From bush to boulder to tree stump to bush to … at last, the top of the hill. Sidroc looked down at himself. He’d got filthy on the way, but he didn’t care. For one thing, that proved he was doing a good job. For another, someone else would have to wash his long tunic.
Another member of the brigade, a corporal named Waleran, emerged from cover a moment after Sidroc did. He was good; Sidroc hadn’t had the least idea he was there till he showed himself. “That’s a fine exercise,” he said, flicking a drop of sweat from the end of his nose. “They never worked us so hard in King Penda’s levy, and that’s the truth.”
“No, eh?” Sidroc said. If Waleran was a veteran, that helped explain how he’d got to be a corporal. “If they had, maybe Forthweg would’ve done better.”
“Aye, it could be so,” Waleran agreed. “It could indeed. But I’ll tell you this, boy-we’ll go through the Unkerlanters like a hot knife through butter.”
Sidroc nodded. He was sure of the same thing himself. If he’d doubted it, would he have joined Plegmund’s Brigade in the first place? He had no use for Unkerlanters, any more than he did for Kaunians or (except when it came to fighting) Algarvians or anyone else who wasn’t a Forthwegian. But he said, “King Swemmel’s in charge of an awful lot of butter.”
“Well, what if he is?” Waleran said scornfully. “We’ll just have more to go through, that’s all. And I’ll tell you something else, too.” He waited till Sidroc leaned toward him, then went on, “I don’t think it’ll be long before we get the chance, either.” Sidroc clapped his hands together. He could hardly wait.
Some of the farms around the village of Pavilosta had a new hand or two working on them. Merkela’s did. As for Skarnu, he was glad to have extra help, and especially glad the help came from Forthwegian Kaunians who’d been on their way to almost certain destruction.
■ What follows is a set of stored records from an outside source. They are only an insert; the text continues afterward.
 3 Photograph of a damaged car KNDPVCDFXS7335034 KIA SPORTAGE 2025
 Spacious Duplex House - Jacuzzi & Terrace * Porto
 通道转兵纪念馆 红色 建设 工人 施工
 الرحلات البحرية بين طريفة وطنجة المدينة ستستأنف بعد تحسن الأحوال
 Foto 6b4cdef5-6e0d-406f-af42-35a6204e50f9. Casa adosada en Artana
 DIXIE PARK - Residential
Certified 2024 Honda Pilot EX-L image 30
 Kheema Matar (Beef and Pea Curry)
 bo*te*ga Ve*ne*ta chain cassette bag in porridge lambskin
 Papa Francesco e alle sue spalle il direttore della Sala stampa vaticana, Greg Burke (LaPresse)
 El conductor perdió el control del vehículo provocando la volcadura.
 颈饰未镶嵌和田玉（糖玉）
These days, Raunu slept downstairs in the farmhouse, leaving the barn for Vatsyunas and Pernavai, a husband-and-wife pair who’d managed to stay together when the ley-line caravan carrying them got wrecked. “You’ll have to find yourself a lady friend, too,” Skarnu teased him one day while they were weeding together. “Then you’ll have somewhere better to sleep than a rolled-up blanket in front of the fire. Powers above, if I managed to find somebody, cursed near anyone can.”